Pateros, a stay-at-home dad, and Apple, a lawyer, were looking at homes that were around double the size of their current home and found only three listings that met their requirements. “We put an offer in on one that we didn’t get,” said Pateros. “The other one we ended up not making an offer on because it didn’t feel like a good fit.”


The couple recently made an offer on a roughly 4,000-square-foot home in the city and are negotiating a purchase contract. Pateros declined to comment on the expected closing price but said the home hadn’t hit the market yet when they toured it.


Those who want to downsize aren’t having better luck. Ana Parsons and her husband, Jason Parsons, have been looking for a home in the Rockford metro for three years. The couple, who are in their late 40s, have been living in a two-story, roughly 2,000-square-foot home in Belvidere, a city suburb, for the past 20 years. They want to move to a single-story home in the area with a lot of land.


Ana and Jason Parsons have spent the past three years looking to downsize in the Rockford area.


In 2021, they began looking in the $400,000 to $600,000 range but they haven’t found anything yet. They can’t buy a new home until they sell their current one and the contingency has put them at a disadvantage.
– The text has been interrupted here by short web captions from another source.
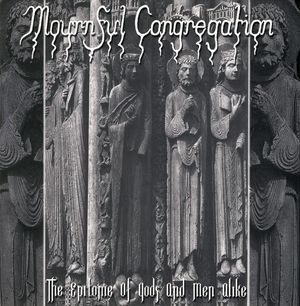 Mournful Congregation / Worship (EP)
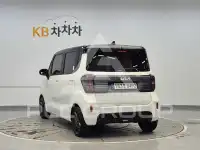 2023 KIA Ray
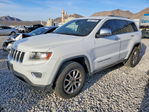 Jeep Cherokee 2014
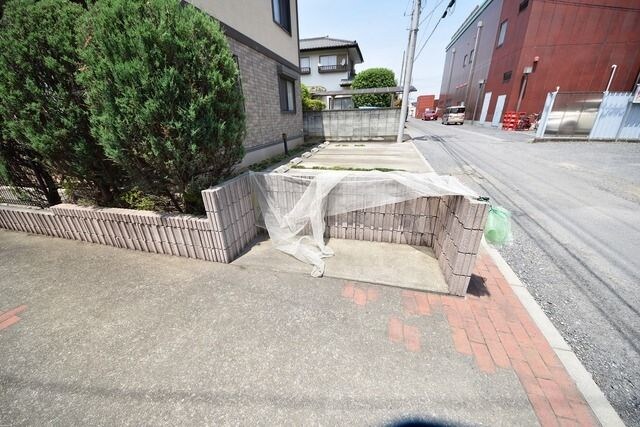 ボヌールの物件内観写真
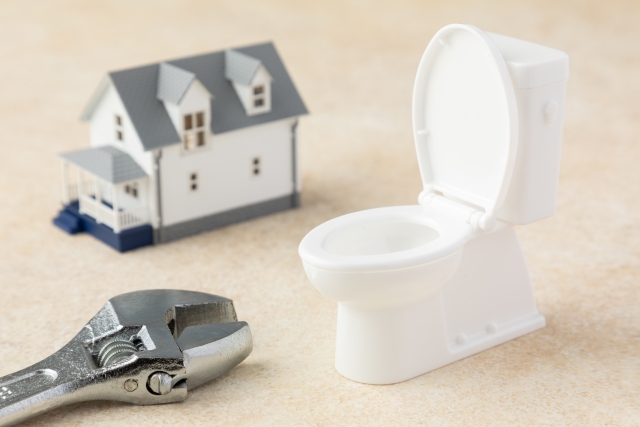 【費用別】トイレつまり修理の相場と具体例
“Most sellers right now will not take contingencies unless their house has been sitting on the market for a long time,” she said. “Which means it’s overpriced.”


The WSJ/Realtor.com Housing Market Ranking looked at the 200 largest metro areas in the country and ranked them based on a variety of economic and lifestyle factors, including housing supply, housing demand, property taxes, unemployment and proximity to popular retail and restaurant chains such as Starbucks, Costco and Home Depot.


For the first time, the ranking also looked at the percentage of homes in each market that are at risk of being affected by extreme heat, wind, air quality, flood and wildfire over the next 30 years. (News Corp, owner of The Wall Street Journal, also operates Realtor.com.)